The employees of this company are regular committers to various Apache Hadoop
eco systems projects. Primarily this company provides consulting services and
offers an end to end solution with the Hadoop framework. They are emerging out
with various data products with the newer version of Hadoop.
Open Source
Contribution
Yarn, Tez, Stinger, Ambari, HDP
platform
Partners &
Valuation
Microsoft, Teradata, Talend, Rackaspace
are official partners. This company is currently valued at $200 million.
Developers Community
Hortonworks offers a similar training
like Cloudera for only 5 days at a price of around $2500. This training
includes Hadoop development, administration and data science. Also they provide
certification as well. The advantage with the Hortonworks is they are committed
with Microsoft. They provide training for Hadoop on Windows platform.
MapR
My personal opinion their business
model is not viable, although backed up with EMC and Cisco, their online presence
is dominated by Cloudera and Hortonworks.
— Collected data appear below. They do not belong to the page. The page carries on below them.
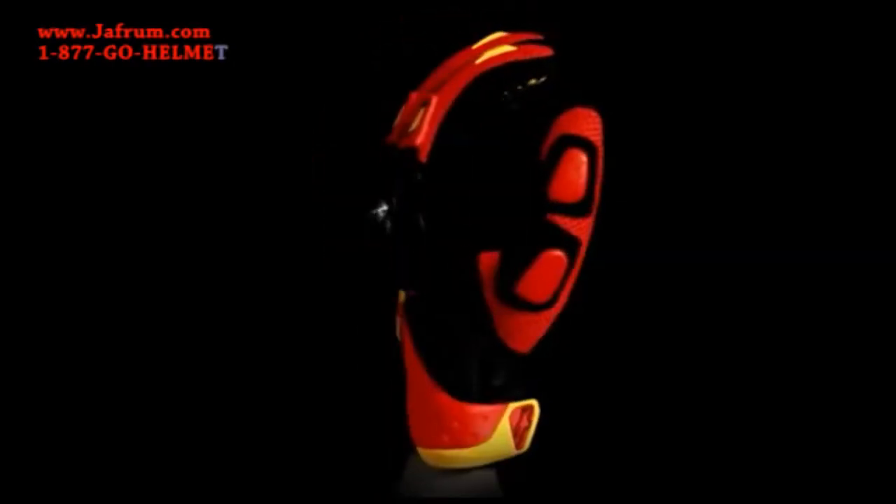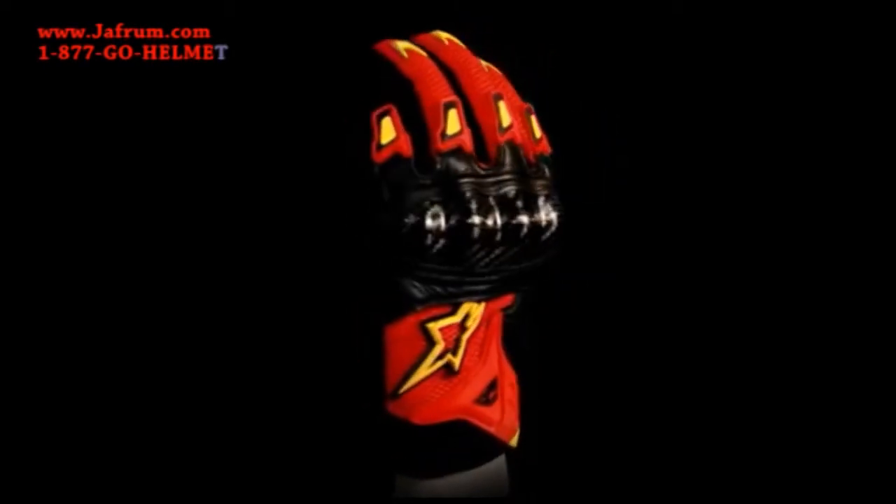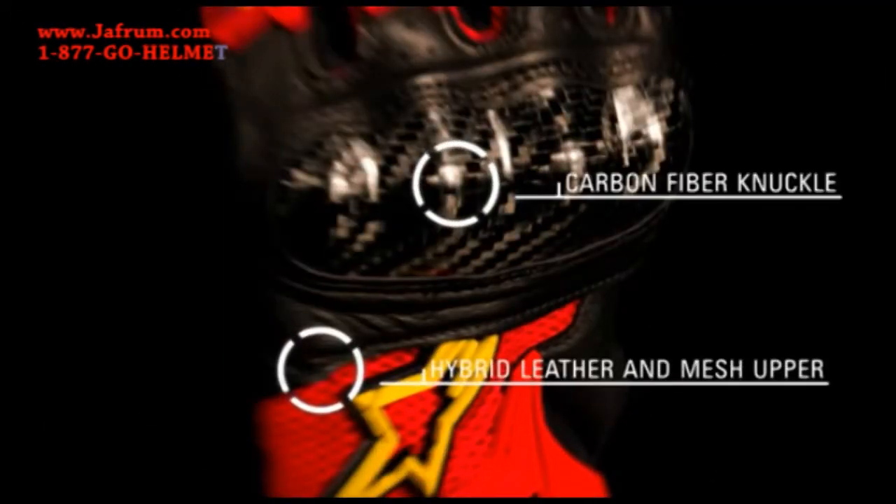The Alpinestars SMX2 Air Carbon Glove offers the street rider superior comfort and performance while utilizing high levels of protection. Features include a lightweight hybrid leather and mesh upper for abrasion resistance and a carbon fiber knuckle for exceptional impact protection.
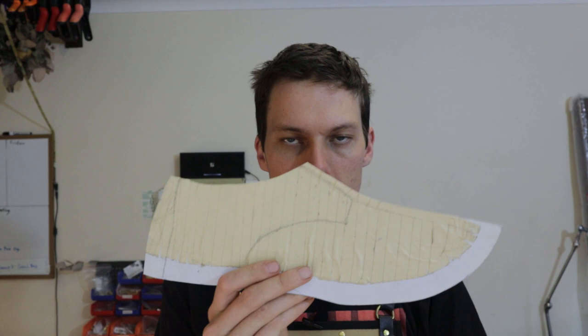G'day and welcome to shoemaking video number six. In our last video we turned our standard into pattern pieces. In this one we're going to have a look at leather selection, and then we're going to cut out our pieces and also cut out the sole piece, which I haven't shown you how to mark out yet. So we'll start with leather selection.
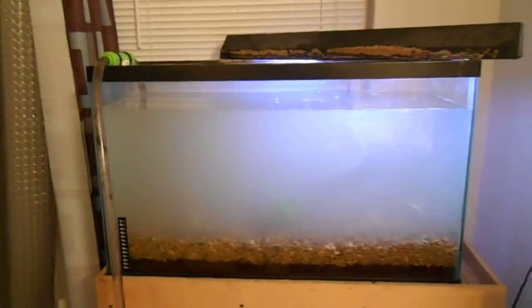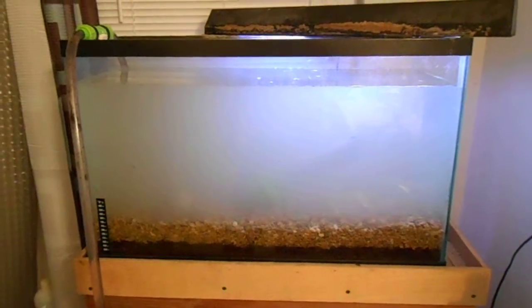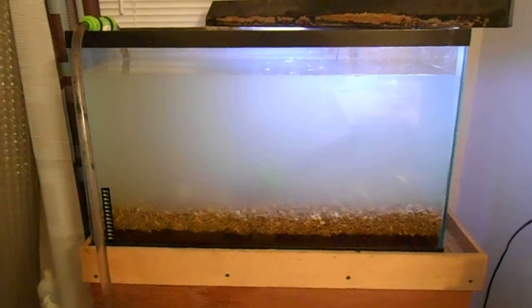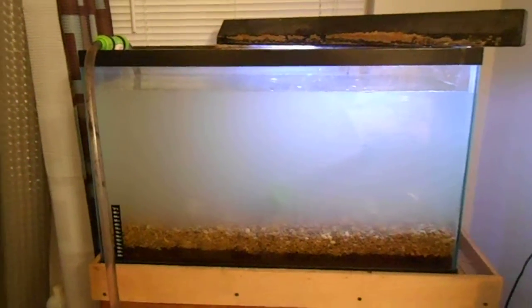Here's the first fill of the tank. It actually looks like probably more of that's from the gravel. I did not wash that gravel off before I put it in there. I don't know, maybe that was a bad choice. But this is what it looks like, so just a quick show.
This company provides a commercial Hadoop
solution by offering three products M3, M5 and M7. The employees of this firm
actively participate with HBase, Pig, Apache Hive, ZooKeeper.
Partners & valuation
Google Compute Engine, EMC Cisco, valued at $30 million
What’s in it for us?
Well Hadoop is free, anyone can
download it and use it, and the trick is to know what to use it for and how to manage
it. There is a need for distributed computing platform and Hadoop by itself is in
its nascent stages. It’s definitely not a threat to existing database platforms
however investing time and money with Hadoop would be a safe bet for future.